The latest westward push represents an ascendant energy emanating from the firm’s New York office, where OMA partners Jason Long and Shohei Shigematsu lead many dynamic projects taking shape across the continent and in Japan. When asked if a new California outpost was in the works for OMA, Shigematsu replied, “It’s always been a dream of ours,” before adding that current conditions were favorable but not exactly right for a potential OMA West branch. “Maybe if we get more projects out here.”

Rendering of a plaza with a building inside
First and Broadway Park (FAB Park) (Courtesy OMA)

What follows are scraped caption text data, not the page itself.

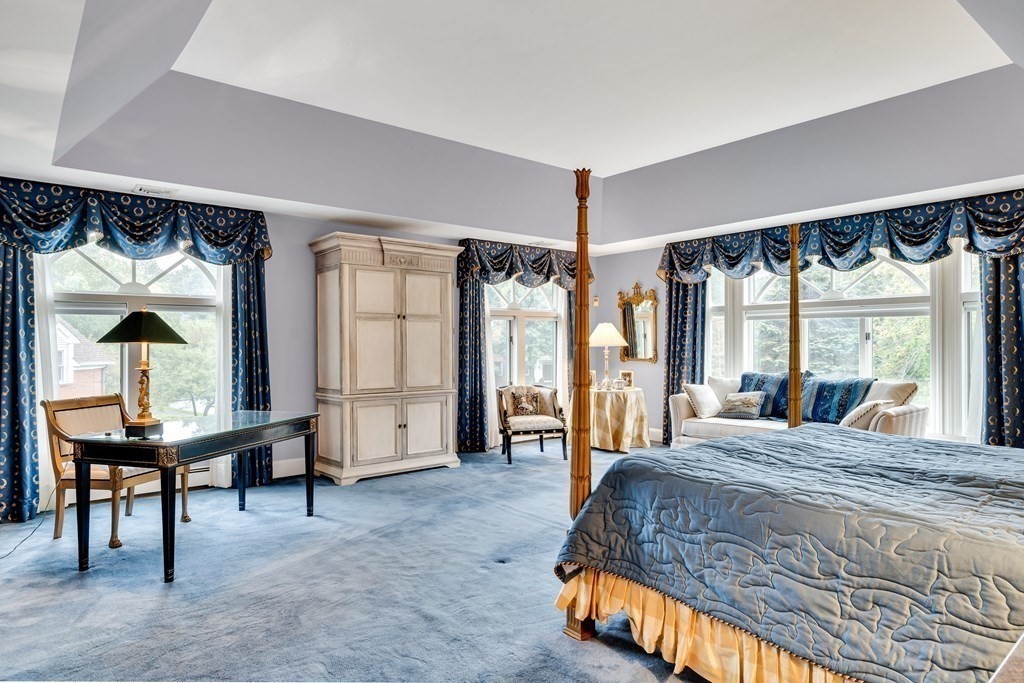 12 Butterfield Road Lexington, MA 02420 - Photo 22 of 41 Gallery Image 22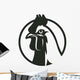 Rooster Wall Decal
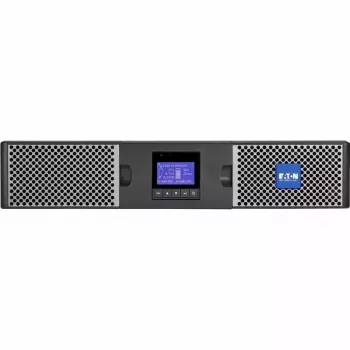 Eaton 9PX3000IRTN-L 3000VA litija-jonu plaukta/torņa UPS ar tīkla pārvaldību
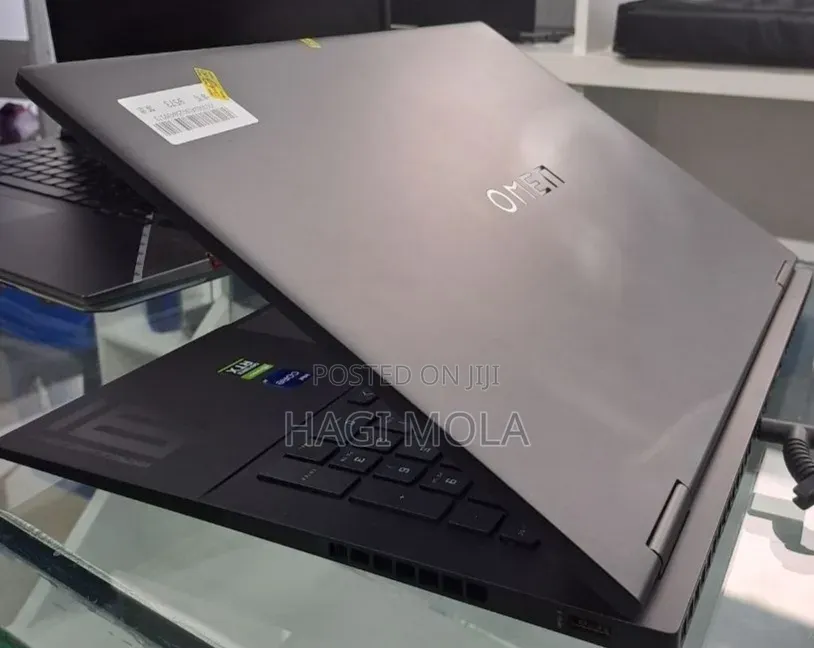 New Laptop Omatek 16GB Intel Core i9 SSD 1T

First and Broadway Park (FAB Park)

Also created in collaboration with Studio-MLA, the new First and Broadway Park in Los Angeles is set to contain a playful 100,000-square-foot retail, food, and cultural programming pavilion that anchors the ecologically sensitive park. The pavilion will be capped with an edible rooftop garden and a dining terrace that overlooks L.A.’s City Hall.

Along the ground, the park will be wrapped with ribbons of bench seating, elements fashioned to create interlocking outdoor rooms and plazas surrounded by native oak and sycamore trees. Water-absorbing landscapes around the seating areas are designed to harvest and retain rainwater while solar collection and a “Golden California” landscape lend the project its ecological bona fides.

Rendering of a glass tower with notches cut out of it
The form of the firm’s first West Coast condo tower is vaguely inspired by historical skyscraper setbacks—à la Hugh Ferriss—geometries that are reflected right side up or upside down depending on the exposure. (Courtesy OMA)

The Avery (Transbay Block 8)

Related California’s crenelated 575-foot tower, known as The Avery, is part of a larger development created in conjunction with Fougeron Architecture for a blank site in downtown San Francisco’s bustling Transbay District.

For the project, the designers have carved a generous paseo through the buildable envelope for the site, creating a new retail and amenity plaza while also lending a tapered look to the 55-story tower. The gesture animates views for a collection of condominiums, market-rate apartments, and affordable housing units while also bringing sunlight down into the paseo and to the mid-rise block designed by Fougeron. Currently under construction, the tower is expected to open in 2019.

Rendering of a trapezoidal building next to a traditional building
The trapezoidal Audrey Irmas Pavillion is designed to pivot away from its historic neighbor in an effort to create more pleasant spaces between the two buildings. (Courtesy OMA)

Audrey Irmas Pavilion

The Audrey Irmas Pavilion is the firm’s first cultural and religious project in the region. The trapezoidal building shares a site with the Wilshire Boulevard Temple and is made up of three interlocking volumes that connect to the outdoors via a sunken rooftop garden designed by landscape architecture firm Studio-MLA. An arched portal connects to a shared breezeway between the pavilion and the temple, which is framed by the leaning pavilion. The latter was designed with a pronounced slant both out of deference to historical structure and to illuminate the courtyard.

Referencing unbuilt proposals for Universal City and the L.A. County Museum of Art, Rem Koolhaas, OMA cofounder, said, “[The Pavilion] is part of a very consistent effort to do things here. It’s exciting if one thing happens to succeed, because architecture is a very complex profession where maybe a quarter of all attempts get anywhere.”

Rendering of light shining through a tiered office building
The firm has designed Santa Monica’s tallest new building, a terraced mixed-use shopping complex that stacks quasi-public outdoor spaces across an urban site. (Courtesy OMA)

The Plaza at Santa Monica

Shigematsu explains that one concern driving the firm’s California projects involves delving into the region’s rich history of indoor-outdoor living. The approach is fully on display in The Plaza at Santa Monica, a 500,000-square-foot staggered mass of interlocking buildings intended to create a new mix of public outdoor spaces.

With a cultural venue embedded in the heart of the complex and ancillary indoor and outdoor public spaces laid out across building terraces, the complex aims for a unique take on the regional indoor-outdoor typology. The building is set to contain offices, a 225-suite hotel, as well as a market hall and public ice-skating rink.